L’Antropocene non risparmia nessun posto. Anche qui è visibile la natura capovolta delle cose, persino della storia. Il narratore, ora turista, viene avvicinato da una donna anziana che senza mezzi termini gli dice di andarsene. Vattene, va’ da un’altra parte. Lui comprende.

Il crescente numero di turisti fa parte dei processi geodinamici che, insieme al cambiamento climatico e all’innalzamento del livello del mare, al ridotto apporto di sedimenti dalla terraferma e allo sviluppo umano della costa, minacciano di erodere le coste e le spiagge del Mediterraneo. Sulla fascia costiera di Porquerolles le falesie si ritirano di qualche centimetro all’anno.

La donna – una cittadina francese come gli altri, presumo – è uno dei pochi coloni stabili dell’isola. Ma adesso la sua voce potrebbe ricordare al narratore quella degli indigeni che furono derubati delle loro terre dai colonizzatori europei. È come se la narrazione del colonialismo ora venisse ripetuta – paradossalmente – tra europei! “Davanti ai suoi occhi si è presentato un nuovo arrivato”, ossia il narratore, “che non solo invade la sua terra, ma che ne causa anche la trasformazione, ed estrania il rapporto che lei ha con il proprio territorio”. Questo è ciò che è successo alle popolazioni indigene. Improvvisamente, un impeto di memoria storica. Un ritorno del 1492 e di tutto ciò che ne è seguito. L’inizio dell’espansione europea. Ma questa non è una tragedia che si ripete sotto forma di farsa. È qualcosa di irriconoscibile se posto in termini tradizionali. Le pratiche coloniali erano basate sul colore della pelle. Qui i criteri sono del tutto sconnessi. Immaginate un europeo che dice a un altro europeo: non derubarmi della mia terra. Stiamo diventando tutti indigeni, alla fine? Ma allora chi sarebbero i colonizzatori? Quelli che fuggono dalle loro terre perché sono diventate invivibili? Ma non sono anche clandestini? Rifugiati? Non abbiamo ancora un nome appropriato per loro, anche se ci servirebbe.

Non si può uscire da quest’incubo come dei sonnambuli se si soffre di insonnia.
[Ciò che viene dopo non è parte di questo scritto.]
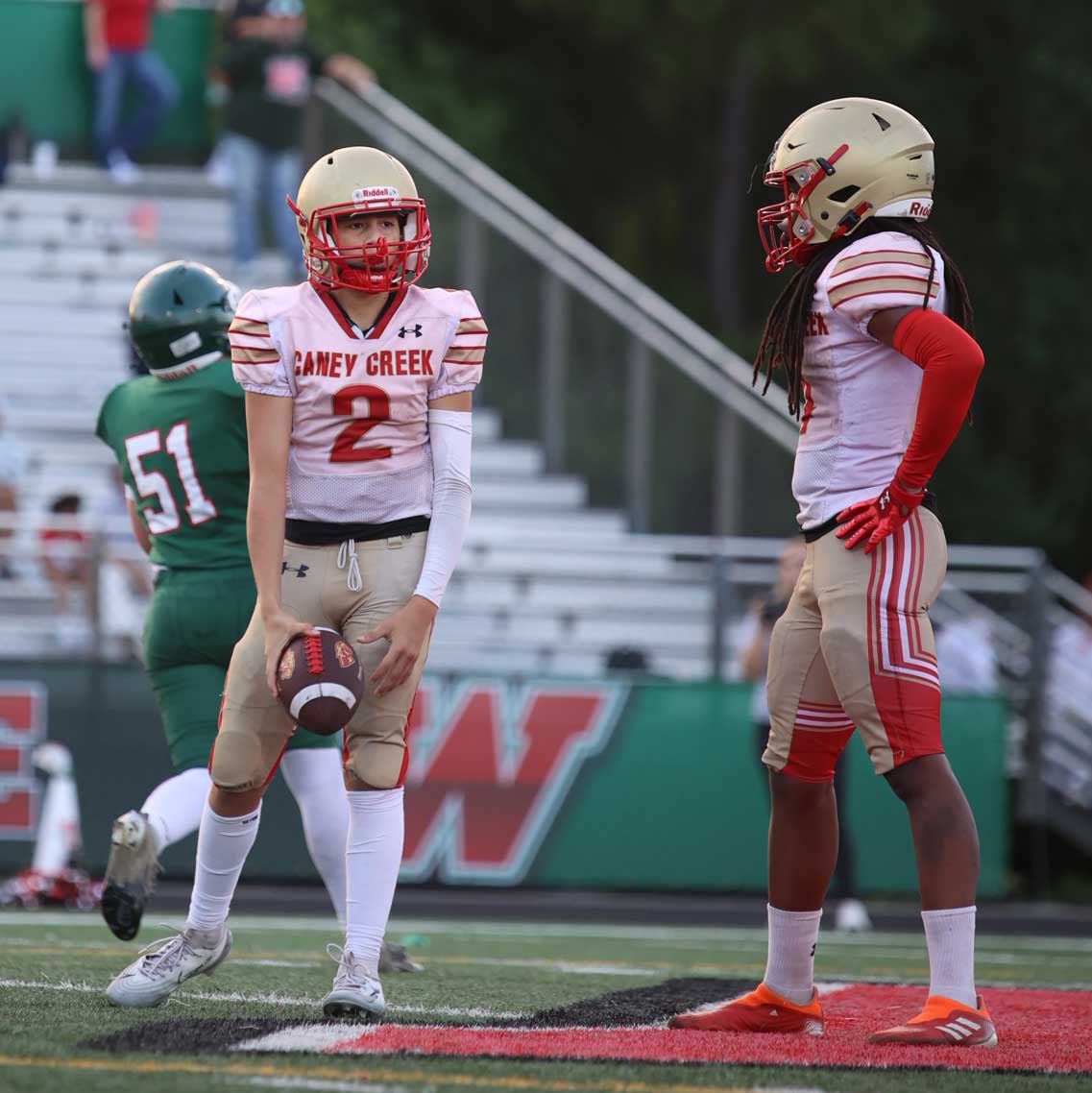 HEAD START. Freshman Deacon Perry is watching the quarterback grab the ball and thinking about what's next on Sept. 24, 2025. Perry was watching the ball get passed waiting for the opponents to make a move to grab the ball. 
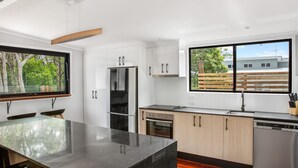 Cuina moderna amb una illa gran, electrodomèstics d'acer inoxidable i vista a una zona residencial.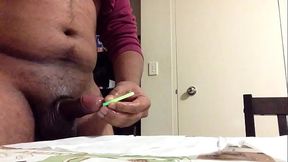 Glowstick insertion into a penis.MOV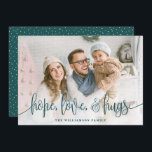 Elegant Script Full Photo Hope Love Hugs Green Holiday Card<br><div class="desc">Send love this season to your family and friends with these modern styled cards by Orabella Prints. Elegant text overlay reads, "hope, love, & hugs" in dark teal green over a white gradient overlay on the bottom of the card. The back features tiny white snow dots over a teal green...</div>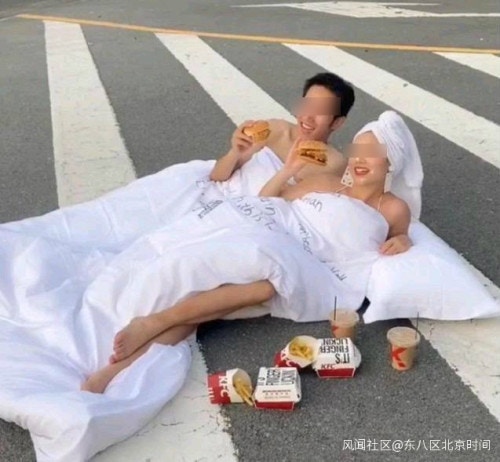 近日山東一對新人躺在馬路上拍「婚紗照」，兩人半裸僅裹著床單。（網絡圖片）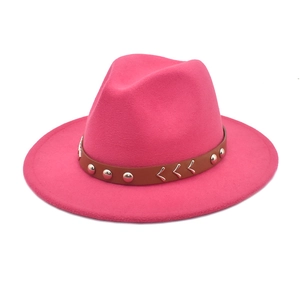 Detail of rose red wool fedora hat featuring a brown leather band and metal V-accents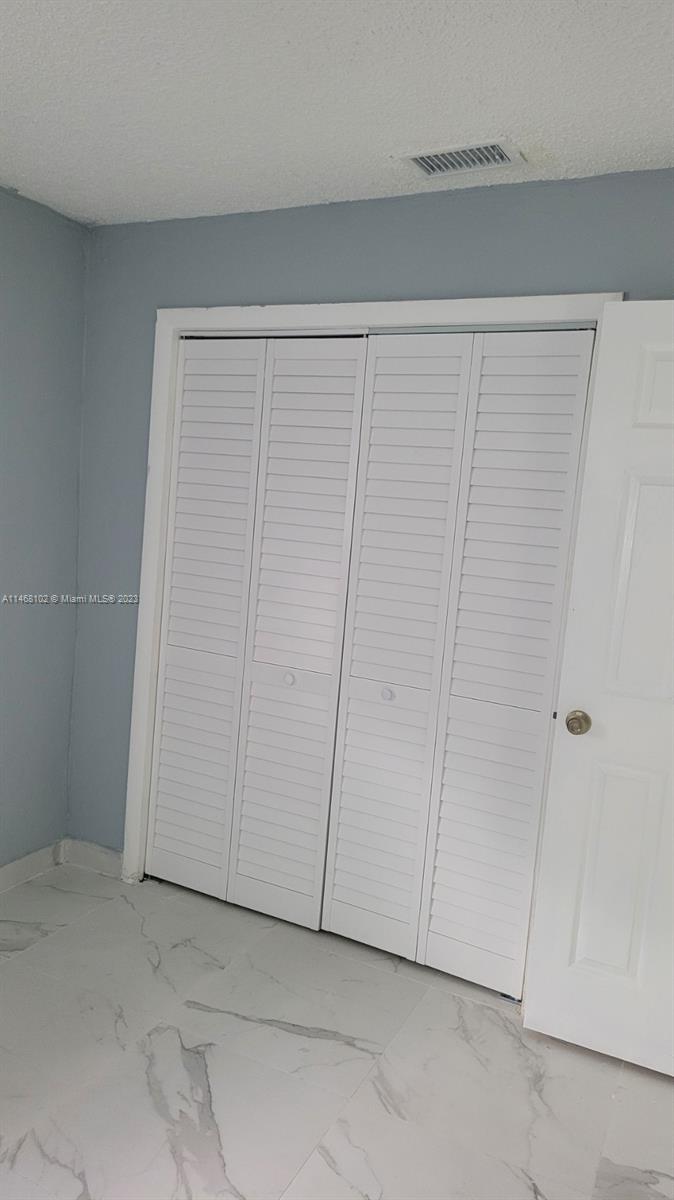 935 West 5th Street, Unit 935 Riviera Beach, FL 33404 - Photo 6 of 11 a view of an empty room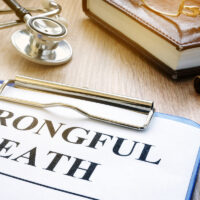 Wrongful death form and stethoscope on a table.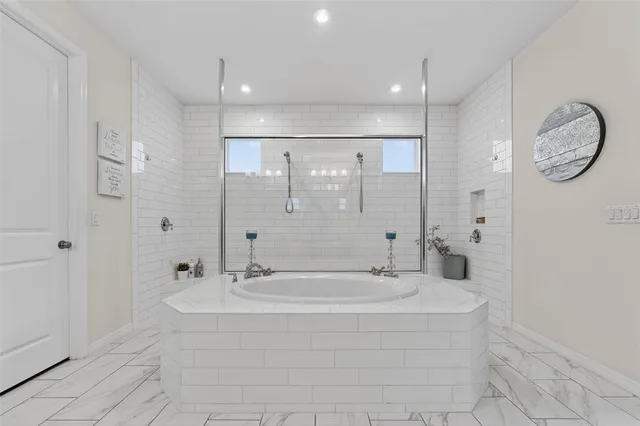 a view of a livingroom with furniture and a floor to ceiling window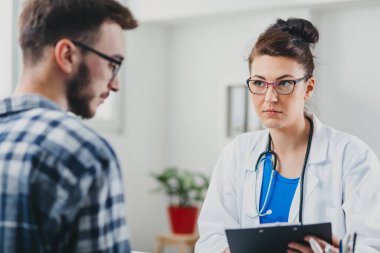 Doktor ve hasta doktorun ofisinde oturuyor.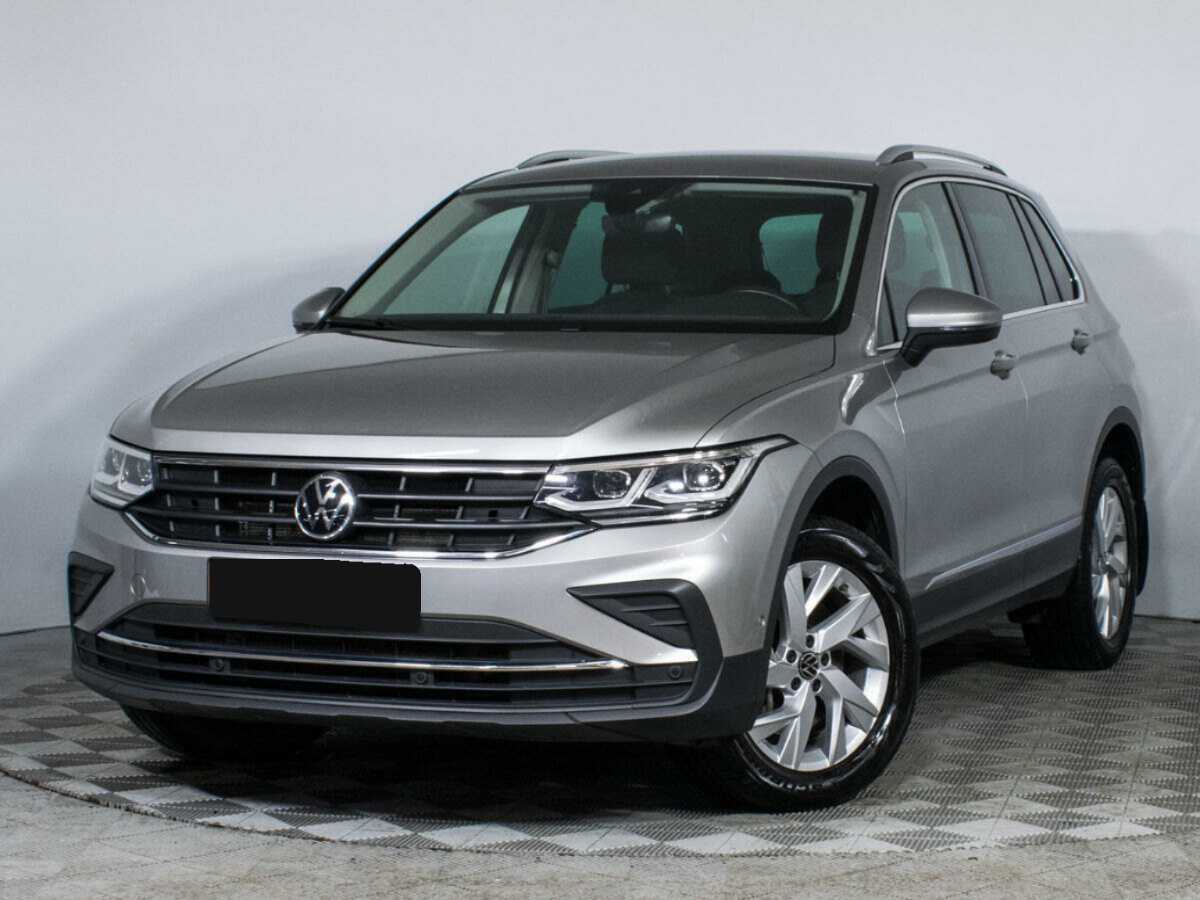 Купить Volkswagen Tiguan с пробегом. Посмотреть фото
Non c’è modo di sfuggire al caldo che brucia Parigi, perché brucia anche altrove. Non si può uscire da quest’incubo come dei sonnambuli se si soffre di insonnia. Il narratore rileva un malessere più profondo. Il progetto dell’individuo moderno basato sul desiderio di “dominare” la natura è fallito. Quindi una modernizzazione ancora più implacabile forse non è la soluzione giusta. Ci sono i super ricchi che sognano di scappare e sopravvivere su un altro pianeta. Immaginate: i super ricchi impegnati nella politica della sopravvivenza, che, come direbbe un’intera serie di pensatori da Kant alla Arendt, non è affatto politica. Questi sogni elitari non fanno che dimostrare in che modo la modernizzazione abbia ridotto l’unico pianeta abitabile che avevamo una volta. Un tempo pensavamo che la politica della sopravvivenza fosse qualcosa che interessava solo i poveri. Ora anche i super ricchi vogliono farla propria. Davvero un mondo sottosopra!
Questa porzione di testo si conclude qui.